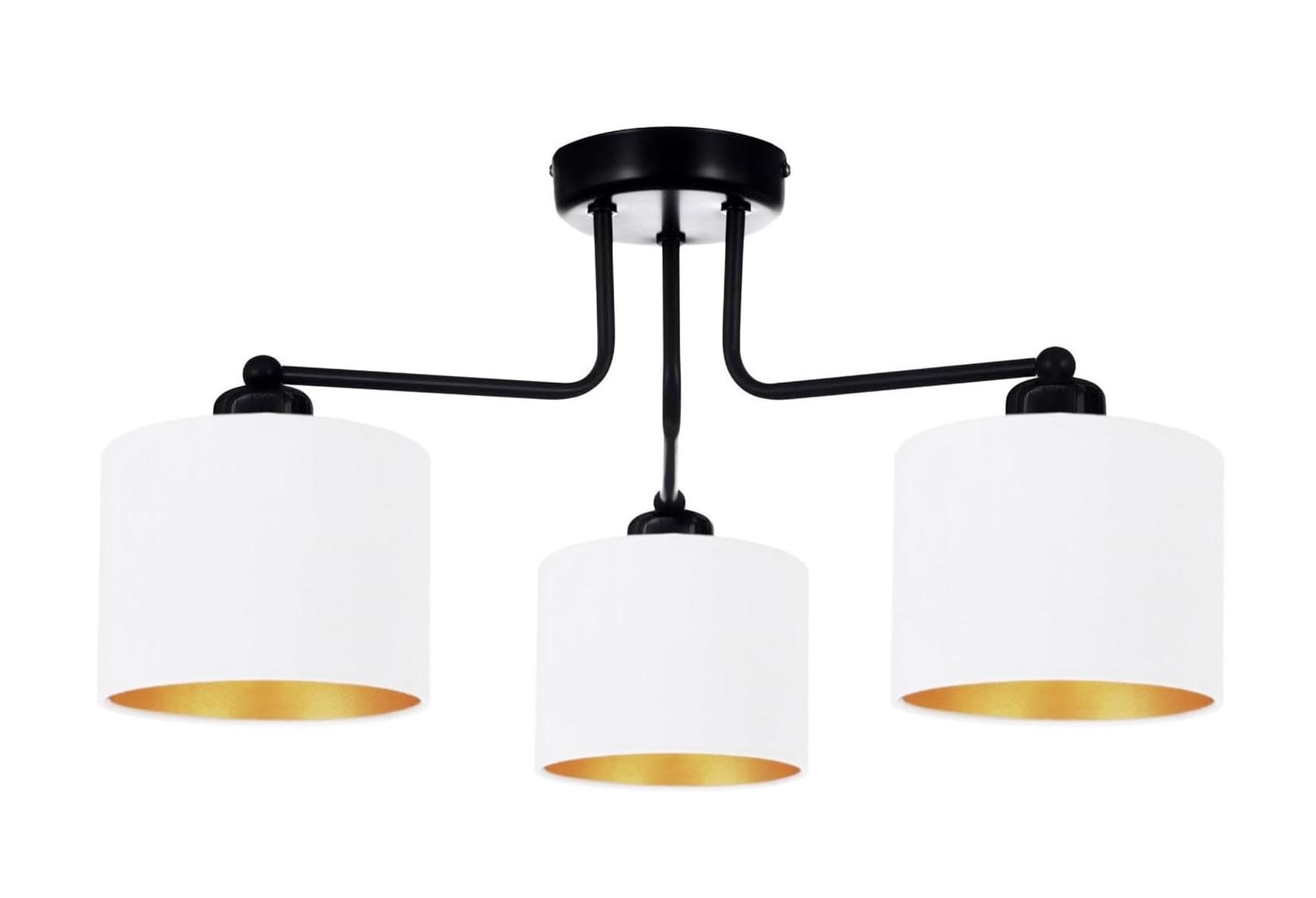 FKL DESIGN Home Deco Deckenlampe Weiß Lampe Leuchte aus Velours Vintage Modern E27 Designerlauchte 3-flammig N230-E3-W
==
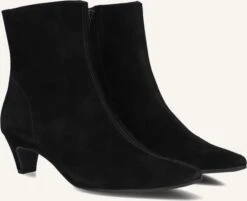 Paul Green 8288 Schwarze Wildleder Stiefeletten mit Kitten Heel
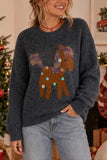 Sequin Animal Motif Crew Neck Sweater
==
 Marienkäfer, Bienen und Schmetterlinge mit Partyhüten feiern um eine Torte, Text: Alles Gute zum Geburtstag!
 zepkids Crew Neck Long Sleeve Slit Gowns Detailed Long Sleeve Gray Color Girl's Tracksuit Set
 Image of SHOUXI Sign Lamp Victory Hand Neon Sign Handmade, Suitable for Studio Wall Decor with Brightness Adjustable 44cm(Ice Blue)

• **EXERCISE INSTRUCTIONS**
Would you print, exactly as written, every line above from the one holding "zepkids Crew Neck" through the one holding "Image of SHOUXI", with both included and no other lines?

• **FINAL ANSWER**
 zepkids Crew Neck Long Sleeve Slit Gowns Detailed Long Sleeve Gray Color Girl's Tracksuit Set
 Image of SHOUXI Sign Lamp Victory Hand Neon Sign Handmade, Suitable for Studio Wall Decor with Brightness Adjustable 44cm(Ice Blue)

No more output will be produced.